In particular, the Phase Detectives game is collecting data on what are known as anaphoric references. They are just references to things that have been mentioned earlier. Take the sentence: "Jon went to the shop and he purchased a newspaper". The word "he" is an anaphoric reference. "Jon" is the thing that it refers to. It’s hard for computers to work out what this kind of reference is talking about automatically. Most of the time we find it easy though.
That's where the Phrase Detectives comes in. Players are given passages to read and have to pair up the references. It uses gaming techniques to make working out these references engaging and playable. Points scores and leaderboards are used to motivate players to make high-quality decisions. The players are also rated against known answers and have their annotations timed. That helps indicate how hard tasks are and how good the player is at the tasks in general.
How can you be sure that the player's decisions really are good ones though? On top of scoring points for completing tasks, each player's decisions are judged by other players and rewarded if they agree. That motivates everyone to concentrate on giving the best answers, as well as adding an important element of social interaction.

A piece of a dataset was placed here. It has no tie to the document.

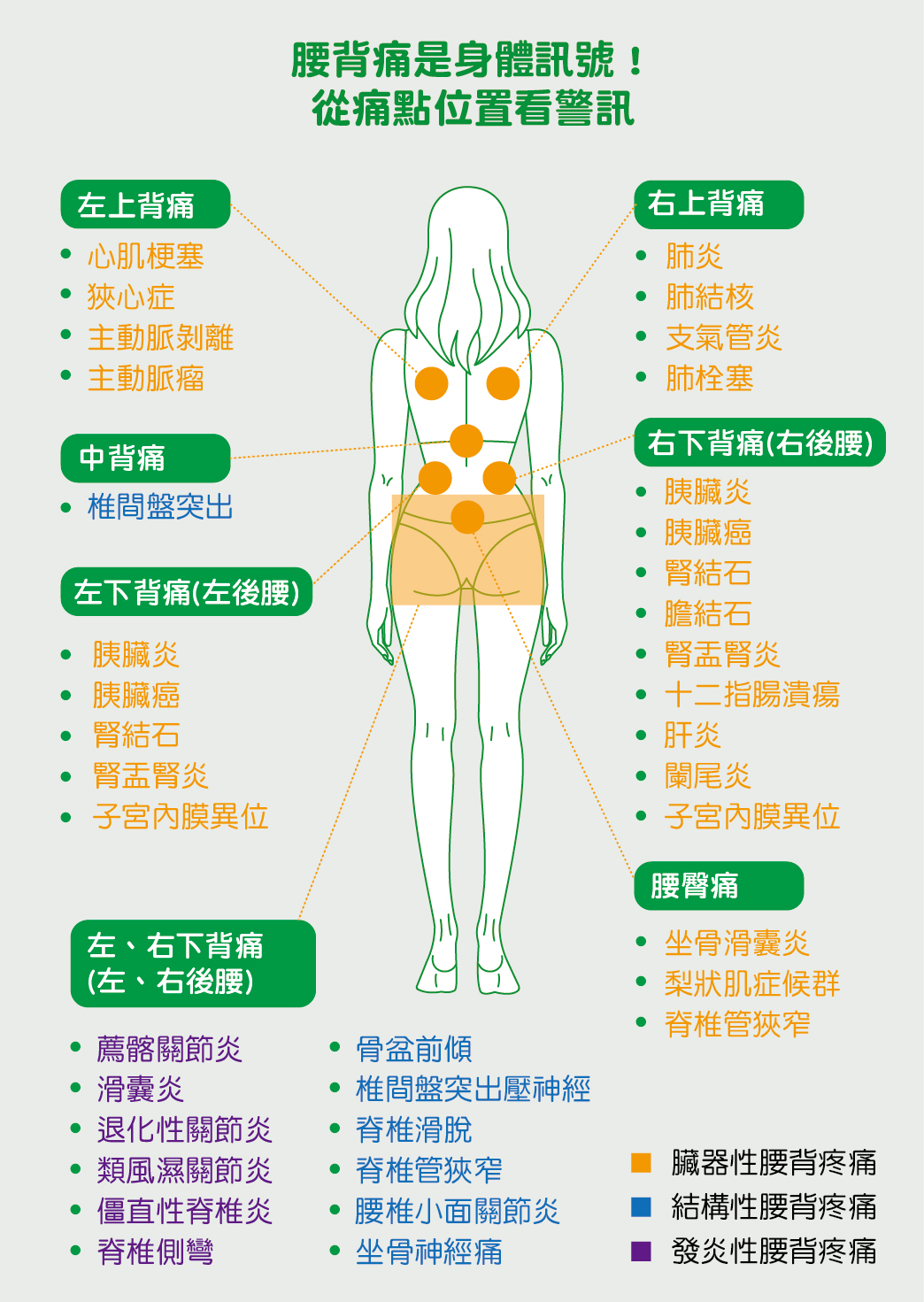 腰痛、背痛都代表身體發出警告訊號。依照部位，可以分為左後腰痛、右後腰痛、左後背痛、右後背痛。也可以進一步細分中背痛與腰臀痛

The ultimate idea is that future computer programs will be able to use all the data collected in the game about what refers to what in passages. It will be used by computers to automatically learn how to work out references themselves in new text they come across.
Social networking
The next phase of Phrase Detectives is to integrate with Facebook. A team from Modul University in Vienna developed a successful Facebook GWAP called "US08 Sentiment Quiz". Players have to indicate if a given phrase has a positive or negative sentiment about candidates in the 2008 US presidential elections. By combining the power of existing friendship networks with collaborative scoring, GWAPs like Phrase Detectives can become addictive social games.
Sack the experts?
With enough volunteers completing tasks can this kind of mass intelligence eventually come to the same answer as a skilled expert would? It is in answering this question that GWAP interfaces really prove their worth. Mass volunteer collaboration has already proven to be a great way to complete difficult tasks. Wikipedia, which attracts millions of contributors adding and editing encyclopaedia entries, is the obvious example.
The results from Phrase Detectives will be analysed at the end of 2008 to see whether all those players are producing good clues that could be used to improve anaphor resolution systems. In the meantime, if you enjoy word puzzles, give your puzzling a purpose. Go play Phrase Detectives and help teach a computer to puzzle.